Tra i tesori due tombe di età repubblicana che facevano parte di un unico complesso monumentale. "Come si evince da alcuni blocchi in tufo ancora in situ, doveva esserci una facciata monumentale poi spoliata già nei secoli successivi, con due corridoi d'accesso, uno per ogni camera. La camera più importante ha portato al rinvenimento di un grande sarcofago in peperino databile nel corso del IV secolo a.C., probabilmente attorno alla fine del IV secolo a.C., e tre urne con dei coperchi displuviati, cioè fatti a tetto. Abbiamo trovato del materiale di corredo in questa camera, probabilmente collegati a una delle deposizioni, uno specchio in bronzo e alcuni vasi" ha spiegato ancora l'archeologo.

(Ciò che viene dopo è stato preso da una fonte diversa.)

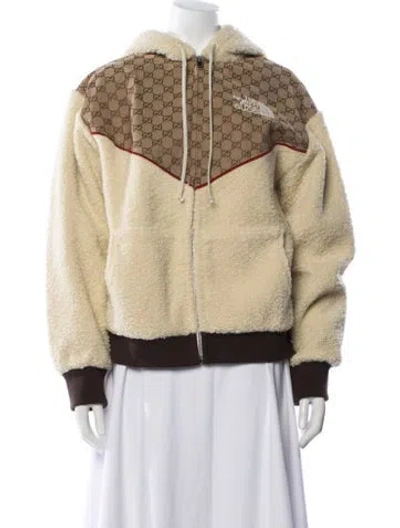 Pre-owned The North Face X Gucci Faux Shearling Faux Fur Jacket W/ Tags In Neutral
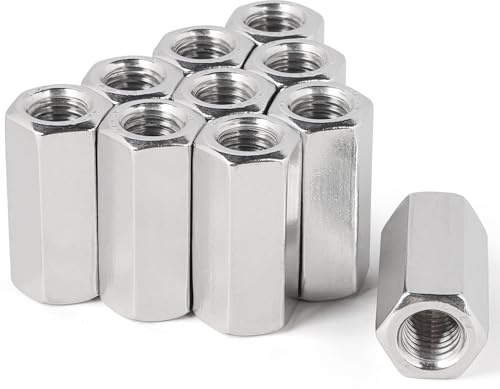 LALAGO 10 pièces M10 x 40mm Long Écrou Hexagonal en Acier Inoxydable VA V2A A2, Écrou de Couplage Version Hexagonale, Boulon d'Écrou Transversal Manchons Filetés Manchons de Distance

Ritrovamenti che dovranno essere contestualizzati in un'area dove è presente anche il Casale di Pietralata che insiste probabilmente sui resti di una villa romana. Completato lo scavo, sarà avviato lo studio per un piano di valorizzazione dell'area. "La tomba ha un bellissimo portale in tufo, che era chiuso da un lastrone monolitico di pietra veramente molto pesante, quindi c'è sicuramente la volontà di lasciare a vista almeno il portale della tomba" ha spiegato ancora Fabrizio Santi.